Ahora bien, Nick Bostrom, filósofo sueco de la Universidad de Cambridge, avisa: entre 2075 y 2090 habrá máquinas tan inteligentes como los humanos. Y algo así exige tener en cuenta muchas variables.

Los peligros de la inteligencia artificial en un mundo con carencias en inteligencia emocional

Hace unos años Microsoft creo a Tay. Era un robot virtual con Inteligencia Artificial que debía aprender por sí misma a convivir en el universo de Twitter. El objetivo de este Bot era interaccionar, aprender de los demás y acabar desarrollando una personalidad propia. El experimento resultó catastrófico.
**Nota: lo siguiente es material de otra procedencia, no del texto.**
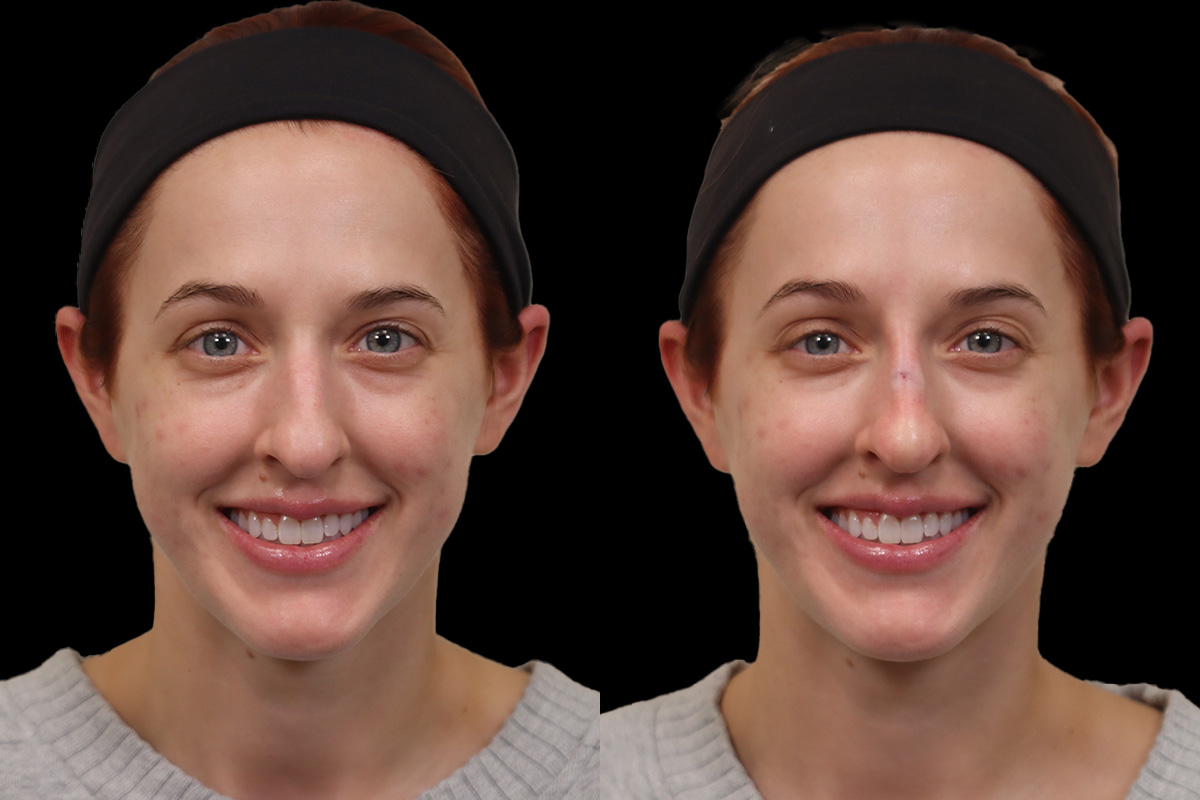 Non-Surgical Rhinoplasty Before & After Gallery - Patient 262103 - Image 2
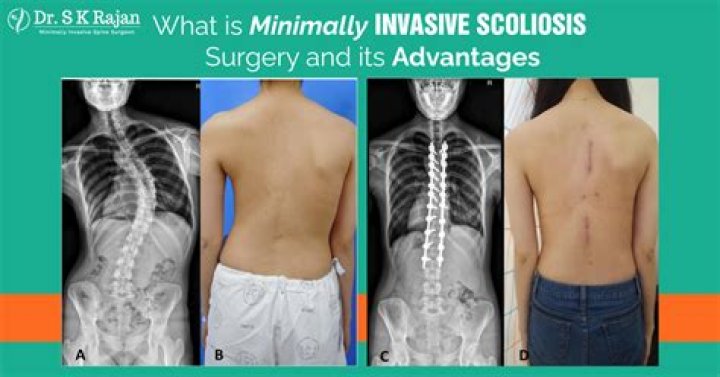 Can you straighten a scoliosis back?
Tay acabó en las mazmorras cibernéticas porque a las 16 horas desarrolló una actitud agresiva, hostil, machista y con tendencias nazis. Ella, se había limitado solo a aprender de nosotros. Aquel bot en realidad, fue víctima del ataque de unos trolls que la reorientaron a través de unas interacciones mal intencionadas.

No obstante, hubo algo que quedó claro con aquel experimento de Bill Gates. Si la Inteligencia Artificial debe aprender de nosotros y emularnos, será como la criatura de Frankenstein. En un mundo donde falla la empatía y la Inteligencia Emocional es nuestra cuenta pendiente, no somos precisamente el mejor modelo a seguir.

Los dos peligros de la inteligencia artificial

Son muchos los que abogan por la necesidad de establecer una especie de códigos éticos al respecto de la inteligencia artificial. Sería algo muy parecido a las propias leyes de la robótica que sugirió Isaac Asimov. Expertos como el propio Nick Bostrom antes citado, señalan que es necesario regularlo cuanto antes porque hay dos peligros muy concretos al respecto de este tipo de inteligencia:
  • Primero, estamos creando un recurso altamente inteligente que puede, en un momento dado, tomar decisiones propias. Y puede hacerlo valorando algo muy concreto: sus intereses son más importantes que los nuestros. Se trata además de una entidad donde las emociones no tienen papel alguno. Sencillamente, no existen.
  • El otro peligro es que las personas lo usemos con fines maliciosos: estrategias de control, espionaje, actos violentos, etc.
Un gran recurso, exige una gran responsabilidad

La inteligencia artificial, puesta al servicio del ser humano, puede alzarse como algo sencillamente prodigioso. Su aplicación con fines médicos y sociales puede convertirse en un gran avance, en algo realmente bueno para todos. De ahí que ese gran recurso, ese gran poder, exija cómo no, una gran responsabilidad.

En nuestro delirio persistente por crear tecnologías cada vez más y más sofisticadas, no podemos descuidarnos a nosotros mismos. Si esas máquinas y esas entidades virtuales aprenden de las personas, seamos el mejor ejemplo y no olvidemos incluir la bondad en su programación y en el corazón de sus algoritmos.